Synergistic multiple active species for the photocatalytic degradation of contaminants by imidazole-modified g-C3N4 coordination with iron phthalocyanine in the presence of peroxymonosulfate

Abstract

Utilizing peroxymonosulfate (PMS)-based advanced oxidation processes to remove emerging contaminants in water has received widespread attention. In this study, g-C3N4-IMA-FePcCl16 that was fabricated by axial coordination was applied to activate PMS for carbamazepine (CBZ) degradation. The introduction of imidazole-based ligand (IMA) and iron hexadecachlorophthalocyanine (FePcCl16) facilitates the photogenerated electron-hole pairs separation of g-C3N4 and broadens the visible-light response range. The coordination structure was characterized by X-ray diffraction and X-ray photoelectron spectroscopy.
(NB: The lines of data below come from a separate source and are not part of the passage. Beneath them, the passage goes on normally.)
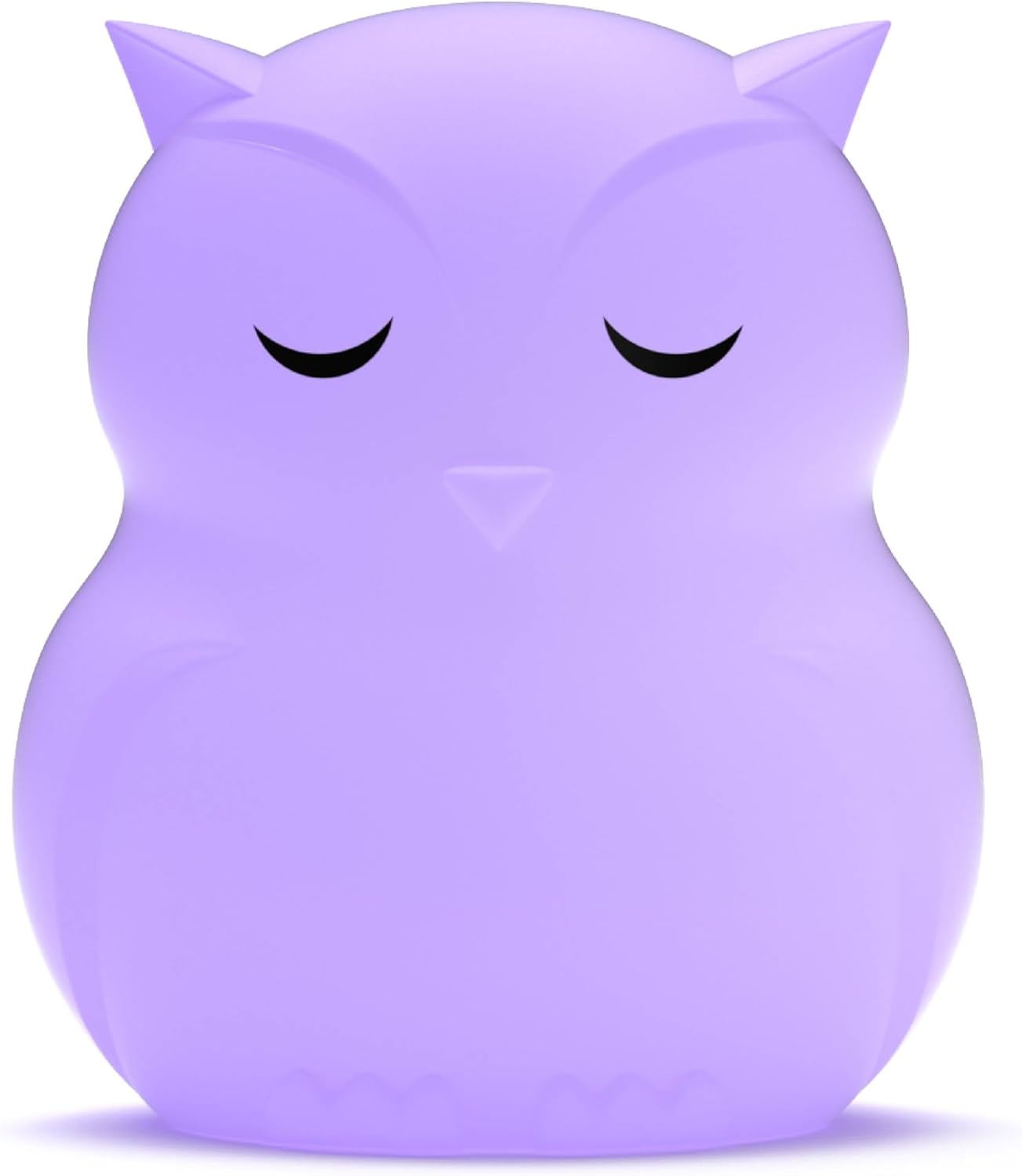 Breathing Pal 'Ted'- Mindfulness Breathing Light, Guided Visual Meditation Breathing Light, Anxiety Relief Items for Calm Down Corner/Meditation/Sleep for Adult&Kid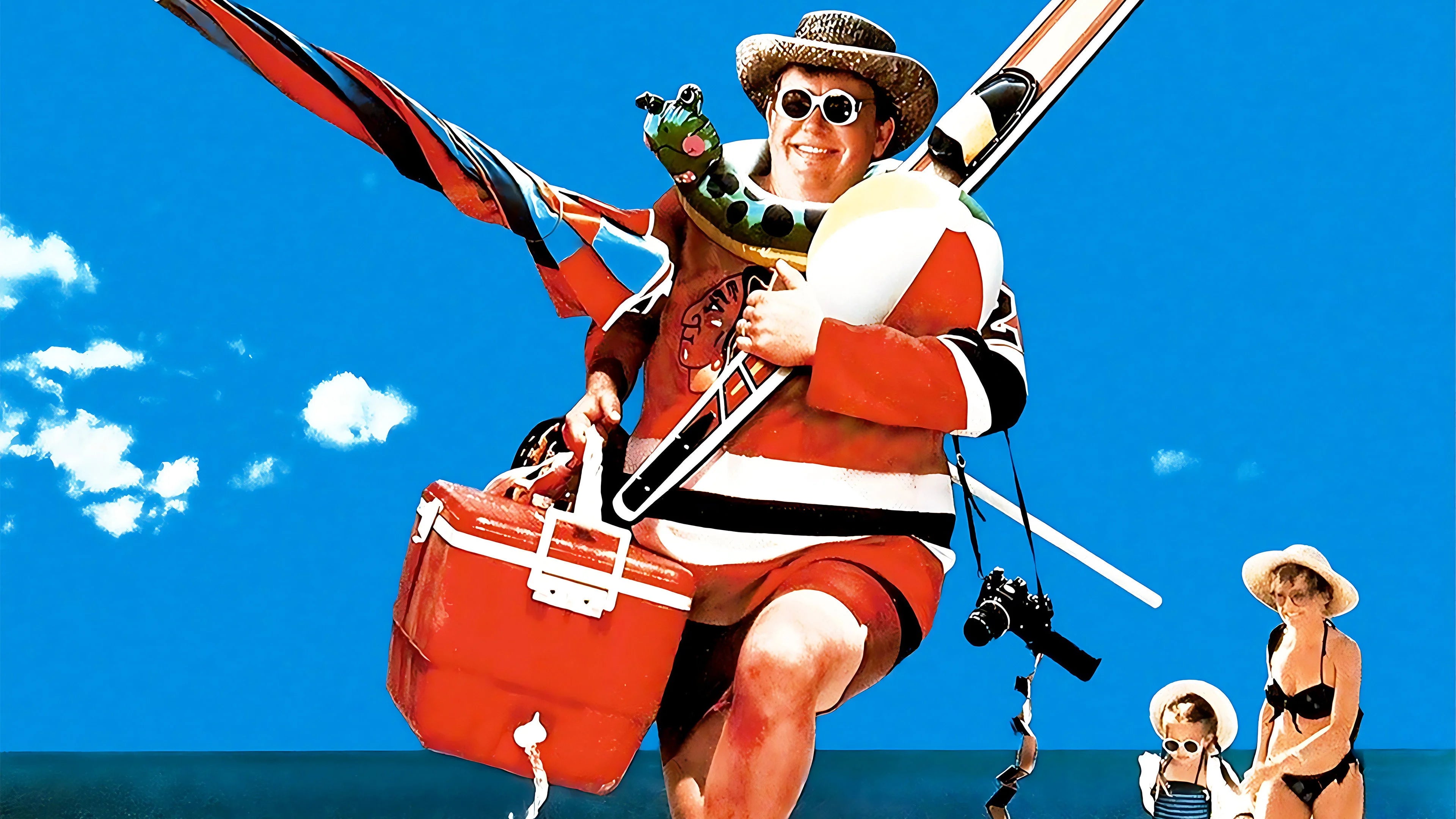Where to buy Summer Rental (1985) posters - Popcorn Poster Shop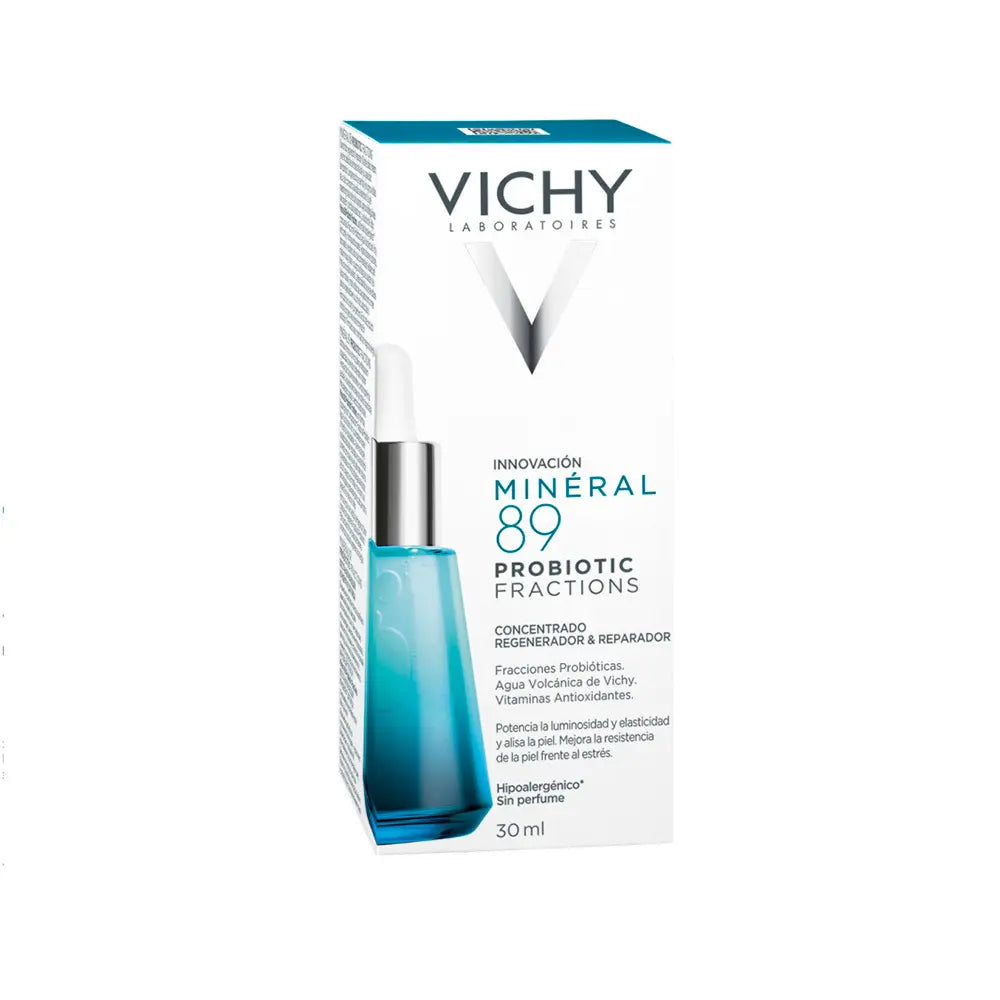 VICHY-MINÉRAL 89 PROBIOTIC FRACTIONS concentré sérum 30 ml-DrShampoo - Perfumaria e Cosmética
Photocatalytic experiments demonstrated that g-C3N4-IMA-FePcCl16 can highly effective eliminate CBZ with a removal of ∼95% within 25 min in the presence of PMS. The effects of various experimental parameters on the CBZ degradation were investigated, such as the loading amount of FePcCl16, pH, PMS dosage and anions. It is noteworthy that Cl− has a positive effect on the degradation of CBZ. Another interesting finding is that the degradation of CBZ is attributed to the synergistic effect of multiple active species, which is confirmed by gas chromatography-mass spectrometry, electron paramagnetic resonance and radical quenching tests. Superoxide radicals (O2−) and singlet oxygen (1O2) are the dominated active species. This work offers a novel idea for the rational design of high-efficiency photocatalysts for wastewater remediation.